El espiritismo no es obra de un hombre. Nadie puede considerarse su creador, porque es tan antiguo como la creación. Lo encontramos en todas partes, en todas las religiones y más aún en la religión católica, e incluso con mayor autoridad que en las demás, porque en ella se encuentra el principio de todo: los Espíritus de diversos grados, sus relaciones ocultas y patentes con los hombres, los ángeles de la guarda, la reencarnación, la emancipación del alma durante la vida, la doble vista, las visiones, las manifestaciones de todo tipo, las apariciones, incluso las apariciones tangibles. En cuanto a los demonios, no son más que los Espíritus malos. Salvo la creencia de que aquellos están condenados perpetuamente al mal, mientras que la senda del progreso no está prohibida para estos, sólo existe entre ellos una diferencia de nombre.
¿Qué hace la ciencia espírita moderna? Reúne en un conjunto ordenado lo que estaba disperso. Explica con términos apropiados lo que sólo se había dicho en un lenguaje alegórico. Suprime lo que la superstición y la ignorancia engendraron, para dejar únicamente la realidad y lo positivo. Ese es su cometido. Con todo, el título de fundadora no le pertenece. Muestra lo que es, coordina, pero no crea nada, porque sus bases han existido en todo tiempo y lugar. ¿Quién, pues, osaría considerarse suficientemente fuerte para sofocarla con sarcasmos e incluso con persecuciones? Si la proscriben en un lugar, renacerá en otros, en el propio terreno donde la hayan exiliado, porque está en la naturaleza, y no es dado al hombre aniquilar un poder de la naturaleza ni dictar su veto a los decretos de Dios.
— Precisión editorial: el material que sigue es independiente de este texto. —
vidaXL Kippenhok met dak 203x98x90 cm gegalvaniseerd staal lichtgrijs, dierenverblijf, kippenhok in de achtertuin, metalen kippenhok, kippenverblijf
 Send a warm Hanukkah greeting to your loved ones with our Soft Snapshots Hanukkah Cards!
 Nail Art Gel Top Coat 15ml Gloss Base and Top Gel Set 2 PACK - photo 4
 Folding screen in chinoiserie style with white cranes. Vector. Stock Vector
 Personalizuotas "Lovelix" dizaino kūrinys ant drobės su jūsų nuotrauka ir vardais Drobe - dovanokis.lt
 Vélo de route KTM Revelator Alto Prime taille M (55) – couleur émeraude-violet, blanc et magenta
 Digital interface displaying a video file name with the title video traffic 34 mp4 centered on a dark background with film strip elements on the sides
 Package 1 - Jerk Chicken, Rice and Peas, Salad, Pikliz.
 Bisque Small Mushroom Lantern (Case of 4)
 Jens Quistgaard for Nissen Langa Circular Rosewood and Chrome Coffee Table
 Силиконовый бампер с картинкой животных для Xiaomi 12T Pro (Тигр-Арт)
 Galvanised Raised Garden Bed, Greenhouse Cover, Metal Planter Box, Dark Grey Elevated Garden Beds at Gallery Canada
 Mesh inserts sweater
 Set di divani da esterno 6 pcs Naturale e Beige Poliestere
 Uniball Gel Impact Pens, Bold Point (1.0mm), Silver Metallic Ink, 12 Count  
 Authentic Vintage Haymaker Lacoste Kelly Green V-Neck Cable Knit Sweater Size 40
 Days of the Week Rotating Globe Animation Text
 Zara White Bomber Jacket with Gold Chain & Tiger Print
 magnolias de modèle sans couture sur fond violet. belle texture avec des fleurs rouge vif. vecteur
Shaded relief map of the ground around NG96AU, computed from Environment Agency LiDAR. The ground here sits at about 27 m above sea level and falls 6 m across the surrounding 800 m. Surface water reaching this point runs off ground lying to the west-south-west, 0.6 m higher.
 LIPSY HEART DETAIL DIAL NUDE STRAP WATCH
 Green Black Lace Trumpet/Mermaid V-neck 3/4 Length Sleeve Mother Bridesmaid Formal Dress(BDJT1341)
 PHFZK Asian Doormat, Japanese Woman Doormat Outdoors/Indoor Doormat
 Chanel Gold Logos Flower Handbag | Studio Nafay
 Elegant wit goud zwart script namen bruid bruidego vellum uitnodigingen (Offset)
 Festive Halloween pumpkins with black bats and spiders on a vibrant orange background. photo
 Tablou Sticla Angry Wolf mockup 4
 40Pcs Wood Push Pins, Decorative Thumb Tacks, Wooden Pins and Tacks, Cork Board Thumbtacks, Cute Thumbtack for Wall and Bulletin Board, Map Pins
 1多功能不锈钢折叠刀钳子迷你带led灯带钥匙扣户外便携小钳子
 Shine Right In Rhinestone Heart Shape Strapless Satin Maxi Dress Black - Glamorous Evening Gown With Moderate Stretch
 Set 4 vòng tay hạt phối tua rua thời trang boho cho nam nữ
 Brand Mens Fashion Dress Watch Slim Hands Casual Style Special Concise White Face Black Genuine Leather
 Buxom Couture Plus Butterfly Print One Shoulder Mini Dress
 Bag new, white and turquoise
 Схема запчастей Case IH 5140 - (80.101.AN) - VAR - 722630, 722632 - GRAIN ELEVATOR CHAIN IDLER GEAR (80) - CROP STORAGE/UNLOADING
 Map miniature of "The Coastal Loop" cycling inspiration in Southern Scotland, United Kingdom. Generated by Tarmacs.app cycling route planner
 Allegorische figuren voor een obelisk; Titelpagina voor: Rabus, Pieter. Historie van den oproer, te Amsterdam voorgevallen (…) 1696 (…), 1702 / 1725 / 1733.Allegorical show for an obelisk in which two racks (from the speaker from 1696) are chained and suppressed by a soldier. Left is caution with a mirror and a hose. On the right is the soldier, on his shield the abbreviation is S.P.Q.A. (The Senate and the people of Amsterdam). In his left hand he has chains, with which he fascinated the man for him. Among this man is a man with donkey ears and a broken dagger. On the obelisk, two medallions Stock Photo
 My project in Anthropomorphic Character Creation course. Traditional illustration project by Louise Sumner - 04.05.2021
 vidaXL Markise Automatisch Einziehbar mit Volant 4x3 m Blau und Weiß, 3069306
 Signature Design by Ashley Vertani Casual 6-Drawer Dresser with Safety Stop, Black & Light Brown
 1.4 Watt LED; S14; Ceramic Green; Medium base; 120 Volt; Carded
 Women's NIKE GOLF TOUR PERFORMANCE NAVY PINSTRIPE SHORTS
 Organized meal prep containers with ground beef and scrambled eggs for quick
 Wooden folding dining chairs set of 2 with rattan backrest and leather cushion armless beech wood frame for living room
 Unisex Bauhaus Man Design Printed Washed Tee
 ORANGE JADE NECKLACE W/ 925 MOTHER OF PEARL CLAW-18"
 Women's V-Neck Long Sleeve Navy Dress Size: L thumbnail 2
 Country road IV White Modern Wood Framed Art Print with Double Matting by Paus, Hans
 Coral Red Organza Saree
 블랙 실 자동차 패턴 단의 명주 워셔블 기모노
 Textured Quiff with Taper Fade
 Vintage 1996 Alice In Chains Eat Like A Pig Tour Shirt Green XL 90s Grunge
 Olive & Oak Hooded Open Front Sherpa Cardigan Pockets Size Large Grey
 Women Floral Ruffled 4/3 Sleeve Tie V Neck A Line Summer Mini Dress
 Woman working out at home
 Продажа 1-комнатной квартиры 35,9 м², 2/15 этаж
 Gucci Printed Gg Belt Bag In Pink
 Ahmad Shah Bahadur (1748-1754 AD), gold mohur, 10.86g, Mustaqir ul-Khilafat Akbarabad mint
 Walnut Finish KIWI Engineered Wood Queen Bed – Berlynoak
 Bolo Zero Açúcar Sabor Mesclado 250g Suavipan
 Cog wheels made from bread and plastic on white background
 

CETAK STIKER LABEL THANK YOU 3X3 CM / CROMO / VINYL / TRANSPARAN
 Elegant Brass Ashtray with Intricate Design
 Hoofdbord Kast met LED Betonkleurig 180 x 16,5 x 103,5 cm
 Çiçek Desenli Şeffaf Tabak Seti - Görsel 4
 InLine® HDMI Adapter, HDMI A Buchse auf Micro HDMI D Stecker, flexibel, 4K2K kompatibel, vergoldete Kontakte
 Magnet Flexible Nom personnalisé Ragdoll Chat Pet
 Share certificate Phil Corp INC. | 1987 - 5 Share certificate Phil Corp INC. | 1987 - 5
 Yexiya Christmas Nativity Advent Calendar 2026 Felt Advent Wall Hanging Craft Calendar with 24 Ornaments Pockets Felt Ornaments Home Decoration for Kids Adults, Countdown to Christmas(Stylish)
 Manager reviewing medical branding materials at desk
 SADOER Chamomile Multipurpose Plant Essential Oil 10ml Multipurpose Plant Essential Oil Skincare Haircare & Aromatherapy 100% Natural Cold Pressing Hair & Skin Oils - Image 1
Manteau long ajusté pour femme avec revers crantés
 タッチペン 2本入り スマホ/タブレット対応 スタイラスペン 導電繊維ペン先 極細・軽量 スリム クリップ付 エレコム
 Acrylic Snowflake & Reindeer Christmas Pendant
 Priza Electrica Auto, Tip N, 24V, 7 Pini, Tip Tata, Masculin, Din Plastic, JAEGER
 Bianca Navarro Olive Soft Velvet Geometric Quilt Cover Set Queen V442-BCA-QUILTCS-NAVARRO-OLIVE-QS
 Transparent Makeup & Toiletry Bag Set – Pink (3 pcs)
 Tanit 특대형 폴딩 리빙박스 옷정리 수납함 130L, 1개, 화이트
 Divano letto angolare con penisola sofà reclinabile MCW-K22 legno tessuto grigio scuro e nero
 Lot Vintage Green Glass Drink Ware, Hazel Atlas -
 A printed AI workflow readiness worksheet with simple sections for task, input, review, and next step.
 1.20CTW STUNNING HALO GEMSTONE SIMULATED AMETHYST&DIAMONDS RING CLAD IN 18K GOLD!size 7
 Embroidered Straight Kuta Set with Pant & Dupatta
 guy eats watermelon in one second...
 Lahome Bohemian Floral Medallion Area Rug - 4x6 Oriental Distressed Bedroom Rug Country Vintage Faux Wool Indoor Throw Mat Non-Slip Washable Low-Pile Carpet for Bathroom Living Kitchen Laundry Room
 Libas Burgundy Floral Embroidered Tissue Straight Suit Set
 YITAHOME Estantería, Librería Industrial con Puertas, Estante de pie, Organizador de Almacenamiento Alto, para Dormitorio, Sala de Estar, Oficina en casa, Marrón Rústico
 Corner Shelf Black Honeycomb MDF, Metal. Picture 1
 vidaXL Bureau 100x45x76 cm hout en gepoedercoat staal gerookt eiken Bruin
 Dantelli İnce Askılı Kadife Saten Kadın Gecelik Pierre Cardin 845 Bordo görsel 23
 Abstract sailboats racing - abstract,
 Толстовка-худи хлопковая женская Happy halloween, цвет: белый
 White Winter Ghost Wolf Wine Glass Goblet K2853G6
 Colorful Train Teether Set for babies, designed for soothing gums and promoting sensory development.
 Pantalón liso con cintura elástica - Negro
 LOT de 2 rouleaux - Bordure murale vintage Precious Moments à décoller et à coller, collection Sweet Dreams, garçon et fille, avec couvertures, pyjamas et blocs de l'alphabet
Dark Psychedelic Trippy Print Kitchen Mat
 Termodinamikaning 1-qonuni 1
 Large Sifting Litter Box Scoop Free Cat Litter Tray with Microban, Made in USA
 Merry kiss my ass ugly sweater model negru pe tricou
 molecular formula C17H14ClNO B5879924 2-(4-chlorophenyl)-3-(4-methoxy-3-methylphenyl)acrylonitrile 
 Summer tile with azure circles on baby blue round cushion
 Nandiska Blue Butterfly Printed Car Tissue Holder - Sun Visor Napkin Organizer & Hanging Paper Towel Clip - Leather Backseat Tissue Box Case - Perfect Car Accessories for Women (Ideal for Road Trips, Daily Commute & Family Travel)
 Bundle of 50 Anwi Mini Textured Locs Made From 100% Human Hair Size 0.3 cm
Por lo demás, ¿qué interés habría en obstaculizar la propagación de las ideas espíritas? Esas ideas, es verdad, se erigen contra los abusos que nacen del orgullo y del egoísmo. Pero esos abusos, de los que algunos sacan provecho, perjudican a las masas. Por consiguiente, el espiritismo tendrá de su lado a las masas, y por adversarios serios a los interesados en mantener esos abusos. En contraposición a estos, las ideas espíritas, mediante su influencia, son una garantía del orden y la tranquilidad, pues contribuyen a que los hombres sean mejores los unos para con los otros, menos ávidos de los intereses materiales y más resignados a los decretos de la Providencia.
VII
El espiritismo se presenta con tres aspectos diferentes: el hecho de las manifestaciones, los principios filosóficos y morales que de ellas emanan, y la aplicación de esos principios. De ahí resultan tres clases o, más bien, tres grados de adeptos: Primero, el de los que creen en las manifestaciones y se limitan a comprobarlas; para ellos el espiritismo es una ciencia experimental. Segundo, el de los que comprenden sus consecuencias morales. Tercero, el de los que practican o se esfuerzan por practicar esa moral. Sea cual fuere el punto de vista, científico o moral, desde el que se consideren esos fenómenos extraños, todos comprenden que se trata de un nuevo orden de ideas que surge, cuyas consecuencias no pueden ser otras que una profunda modificación en el estado de la humanidad, y comprenden también que dicha modificación sólo habrá de tener lugar en el sentido del bien.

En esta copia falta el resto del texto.